The article goes on to list accusations against business, which really reflect the mindset of the parties. But there is a valid point to note in this. White women's lot has improved considerably. Perhaps prioritisation has worked.

But why the big strides among white women and the seeming dissatisfaction among other priority groups?

I'm inclined to disagree with the notion that it is out of racial preference. I'd suggest that business, being somewhat myopic about profits and the need for effectiveness, are far more interested in competence than race (or gender for that matter). There were some gender stereotypes that needed to be broken down. And maybe there's still some work to be done on that.

Clearly there are some racial stereotypes that still need to be broken down, and in my view that particular problem seems more glaring among Manyi and co. than monist business.

But surely the very success of white women under employment equity points to the fact that the real difficulty is elsewhere - competence, grounding, training, experience. In short, it's about being equipped.

So my question is: 
Is the real obstacle to effective affirmative action (employment equity in particular) getting people equipped?

----------


## Marq

I think the biggest obstacle is the understanding of political objectives which promote affirmative action. While there is method and legislation in place to create the advancement of one community/race/gender/group/clan [fill in your own group here] over another we will never have the harmony necessary to grow all beings in a fair manner that will benefit the individual as well as the group as a whole.  
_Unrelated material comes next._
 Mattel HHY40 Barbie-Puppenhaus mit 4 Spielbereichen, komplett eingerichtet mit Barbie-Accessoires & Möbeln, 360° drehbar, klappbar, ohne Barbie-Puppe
Enforced affirmative action is a political tool that is no different to apartheid, or any of the other practices around the world that enable various race,ethnic,tribal groups to achieve domination over each other. It has negative connotations due to the method in which it is taught, legalised and practised. 

The answer for me has to come out of a fair and balanced scenario where all are able to create opportunities at leading a normalised life. If we continue to throw threatening legal scenarios at the leader/builder groups instead of building the disadvantaged groups in a natural manner to become the next leaders/generation then there will always be a lock out scenario creating a blockage to developing the currently disadvantaged.

A catch 22, but affirmative action in its current form is creating a playing field where the previously advantaged become the currently disadvantaged. Sure one has to recognise apartheid and its role to how the currently advantaged got into their position - but we should build on the advantages rather than try to break the previous lot down and force them out. Otherwise we continually bring everything down to the lowest common denominator and nobody gains. 

A no win situation for all. The real enemy of affirmative action is the label itself and the underlying tensions which it is creating. Release the tension, create a natural bond to the process which I believe is inherent in all of us good folk in this Country and the skills/stereotyping/recognition sets will come into being.

----------


## Marq

I see this thread died a quick death.

Two weeks ago I posted that 


> I think the biggest obstacle is the understanding of political objectives which promote affirmative action.


Surfing for something completely unrelated I came across this on the anc web site here

The first line on this page says - 



> There's an old saying: one person's meat is another person's poison. So it is with affirmative action.


Four short paragraphs down it says 



> We reject the idea of anything in the new democratic South Africa being meat for some and poison for others. That was what apartheid was all about.


So are they [anc] confused as to what this is all about.......or am I?
Basic concepts must be in place and understood before we can discuss obstacles.

----------


## Dave A

That is a truly fascinating document. And a pretty solid foundation for a serious discussion around affirmative action. Particularly as it starkly reveals the ANC's paradigm.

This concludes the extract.